(Bloomberg) — When President Recep Tayyip Erdogan reopens Istanbul’s Hagia Sophia for prayers next week, it will be the crowning symbol of his mission to reassert Turkey’s role as a Muslim power on the global stage. Yet Turkey’s rarely seemed more alone.
From conflicts in Syria and Libya to strikes in Iraq, NATO’s second-largest army is at work day and night with armed drones, warplanes and tanks. Turkish ships sail the Mediterranean, quarreling over gas resources with European Union members Greece and Cyprus.
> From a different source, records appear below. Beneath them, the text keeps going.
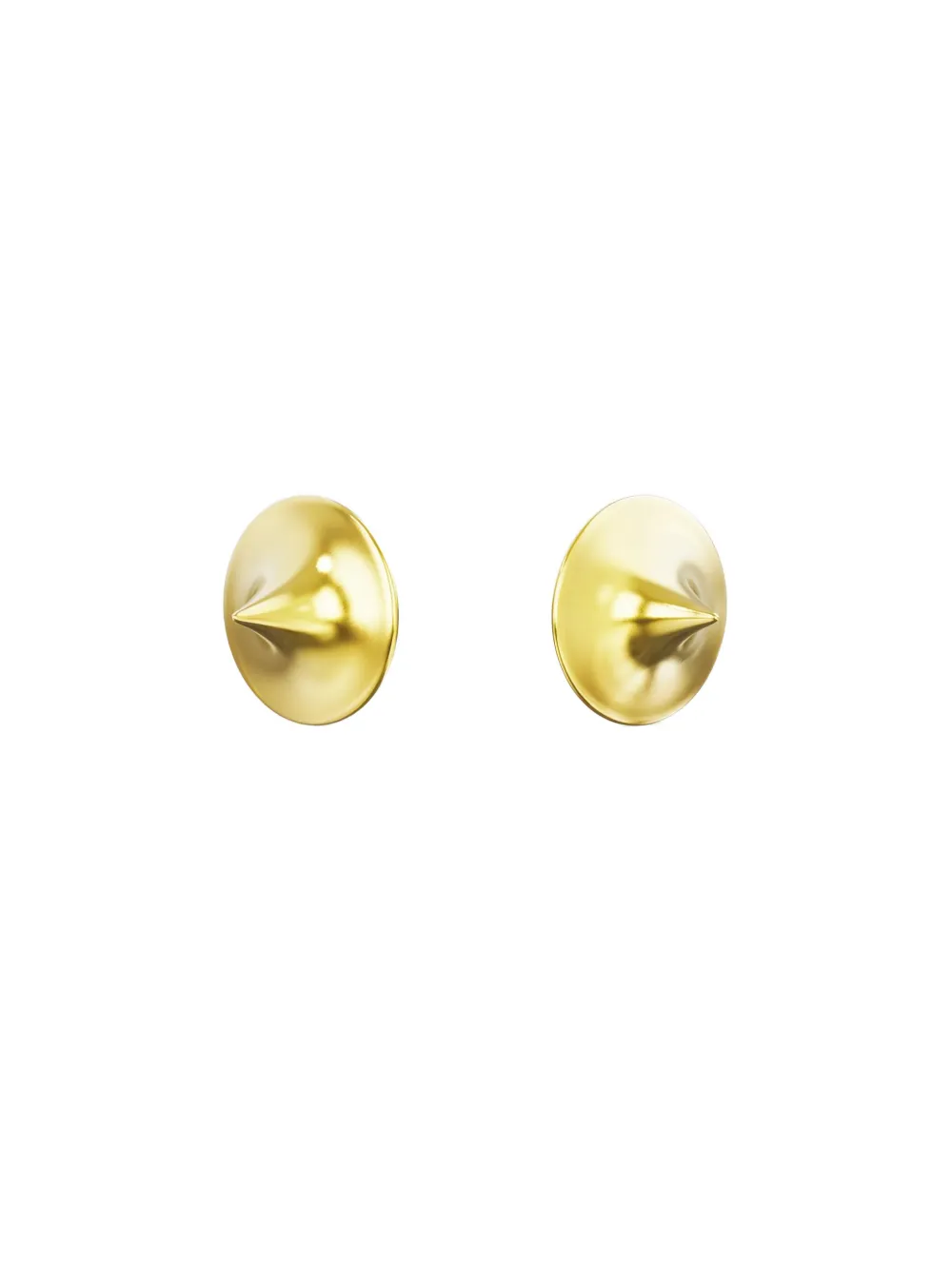 Hugo Kreit Toupie earrings - Goud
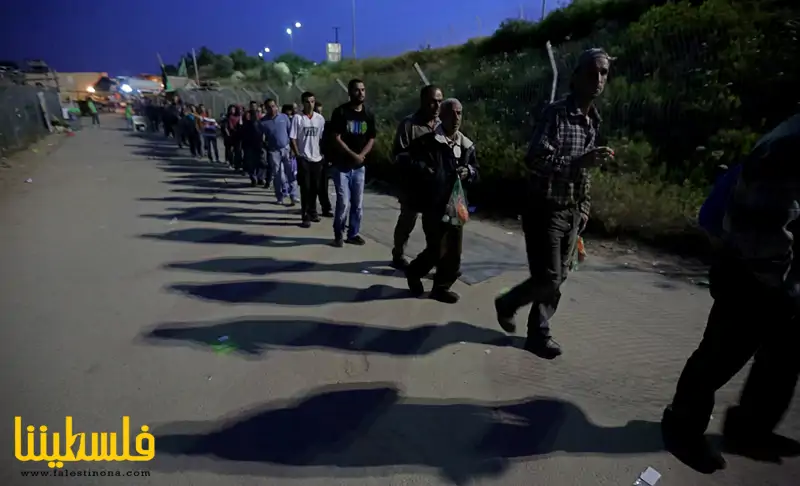 عمال فلسطين.. بطالة قسرية وحواجز تحد من وصول...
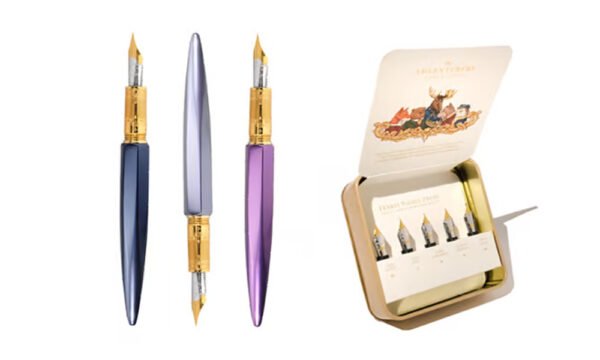 The Marquise Fountain Pen and Adventurers Nib Collection-1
After nearly two decades at the helm of a nation that straddles the Middle East and Europe, Erdogan has arguably built Turkey into a regional power with more international clout than at any time since its founding as a secular Westward-facing state by Mustafa Kemal Ataturk in 1923.
Erdogan’s assertive bid to expand his influence in a region previously under Ottoman rule for hundreds of years means Turkey is now beset by conflict, opposed by heavyweight Arab governments and in discord with its traditional allies. For now, however, no one seems willing or able to stop him.
“Turkey has the strategic advantage,” Timothy Ash, Senior Emerging Markets Sovereign Strategist at Bluebay Asset Management, said. “The reality is that the EU is a lion with no teeth when it comes to Turkey. And Erdogan has long figured this out.”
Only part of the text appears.